Jason Clarke Antiques
Early Victorian Cased Masons Hygrometer by Pizzi & Co, London
For sale, an Early Victorian cased Mason’s Hygrometer or Wet & Dry Thermometer engraved to Pizzi & Co, 19 Leather Lane, London.
The instrument is comprised of two thermometers affixed by four brass clasps to a bone U shaped scale plate. Both using a Fahrenheit scale registering 10 to 120 degrees and the right (wet bulb) complete with Vernier adjustment. The maker’s name is engraved to the top as follows, “Mason’s Hygrometer. Pizzi & Co 19 Leather Lane, London”.
The scale plate is attached to a brass stand at the back with threaded base for attaching the scale to the outer lid of the case when in use and has an integrated collar which allows for a glass vial to be held in the centre of the scale plate which is further secured by a brass collar situated at the top of the scale.

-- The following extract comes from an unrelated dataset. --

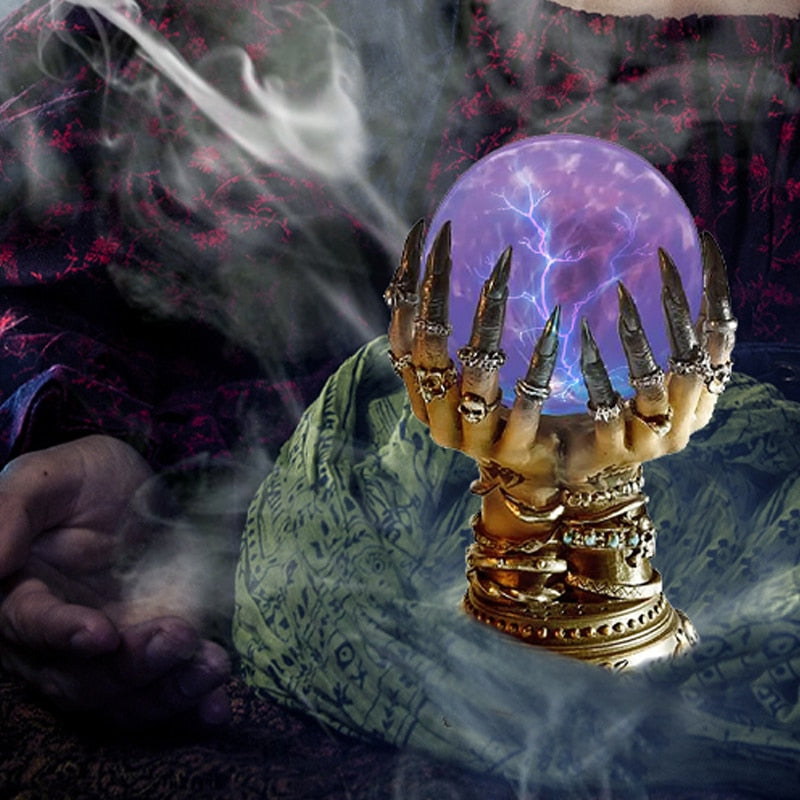 Halloween Witch Mysterious Crystal Ball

The box contains its two original glass vials (one spare) which would have been filled with water. The open end to the base would have stoppered with a cotton tubing which would have been attached to the bulb of the “wet” thermometer.
This very rare and unusual thermometer set is contained within an immaculate mahogany case with red velvet lined interior. The hinged lid also incorporates female screw fitting to allow the scale plate to be secured when in use.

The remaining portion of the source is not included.